» REQUIREMENT
Return the following from the records below: each line, word for word, starting with the line that contains "The Palms，位于Parrearra的酒店" and going on through the line that contains "5020 NW 182nd", with nothing outside that range.

» DATA
□ □ □ □ □

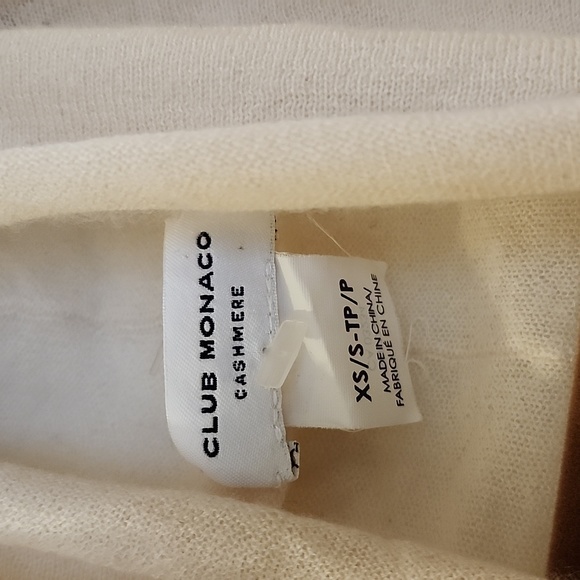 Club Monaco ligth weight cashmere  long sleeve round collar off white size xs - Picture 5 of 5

□ □ □ □ □

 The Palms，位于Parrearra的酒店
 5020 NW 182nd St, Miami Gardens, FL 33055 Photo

□ □ □ □ □

» ANSWER BOX
 The Palms，位于Parrearra的酒店
 5020 NW 182nd St, Miami Gardens, FL 33055 Photo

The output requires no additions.